La plupart des mesures envisagées par le nouveau président se situent dans le contexte autoritaire : élargissement de l’autorisation du port d’armes pour « nettoyer » le pays (notamment pour les agriculteurs isolés dans les campagnes), l’abaissement de la majorité pénale, suppression des aménagements de peine, amnistier les crimes des policiers, fin de l’enseignement de l’idéologie de gauche dans les écoles, classification du Mouvement des sans-terre comme « terroristes », réforme des retraites. Ces mesures, il est vrai, doivent être présentées par des projets de loi ou des réformes constitutionnelles. Bolsonaro a alors besoin pour faire passer ces projets de la majorité simple des députés pour les lois, de la majorité des 3/5e pour la Constitution. Or, le parti social libéral de Bolsonaro aura à faire à une forte opposition du Parti des Travailleurs. Le leader de gauche Fernando a obtenu 44,9% des voix, ce qui n’est pas peu dans un système pluraliste. Même si ce dernier parti a perdu sa popularité à la suite de la succession d’affaires de corruption dans lesquelles étaient impliqués ses dirigeants, notamment les deux précédents présidents de la République. Le nouveau président n’a alors d’autre choix que de chercher des alliés au sein des petits partis. Or, l’homme n’est porté ni à la diplomatie, ni à la négociation, ni au compromis. C’est une sorte de « Trump tropical », beaucoup plus instinctif et intempestif que mûr et réfléchi, adepte des idées primaires et radicales.
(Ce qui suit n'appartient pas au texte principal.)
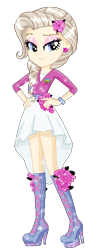 Size: 220x570 | Tagged: safe, artist:gihhbloonde, oc, oc only, equestria girls, g4, base used, boots, clothes, eyelashes, female, flower, flower in hair, hand on hip, high heel boots, makeup, shoes, simple background, skirt, smiling, solo, transparent background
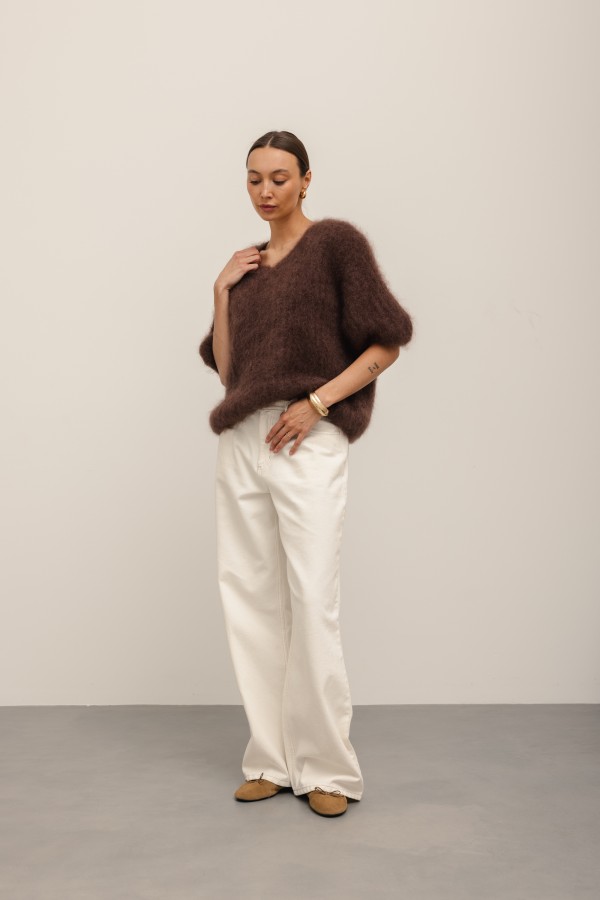 Chocolate mohair sweater Smith premium | Butik Lorenzo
Au Brésil, tout comme beaucoup de pays d’Amérique Latine, l’ancien régime militaire est toujours présent au-devant ou à l’arrière-plan. Bolsonaro s’est d’ailleurs entouré de généraux, qui l’ont incité à axer son discours sur la sécurité, l’ordre et les valeurs familiales. Si la démocratie conduit pour ces officiers militaires et leurs partisans nostalgiques de la dictature à la propagation de la gauche, à l’anarchie, aux contestations spontanées, à l’insécurité et à la corruption, l’ordre dictatorial formalisé par la Bible acquiert plus de légitimité dans le gouvernement du pays. L’équation est simple, il suffit de lancer les réformes de privatisation, des retraites, de réduire les dépenses de l’Etat, de libéraliser les armes et l’autodéfense, pour régler d’une baguette magique un pays aussi vaste, aussi contradictoire, aussi riche et aussi pauvre, aussi fracturé que le Brésil. Et on priera Dieu pour qu’il nous aide à la tâche.
L’extrémisme est toujours simpliste, c’est ce qui fait sa force.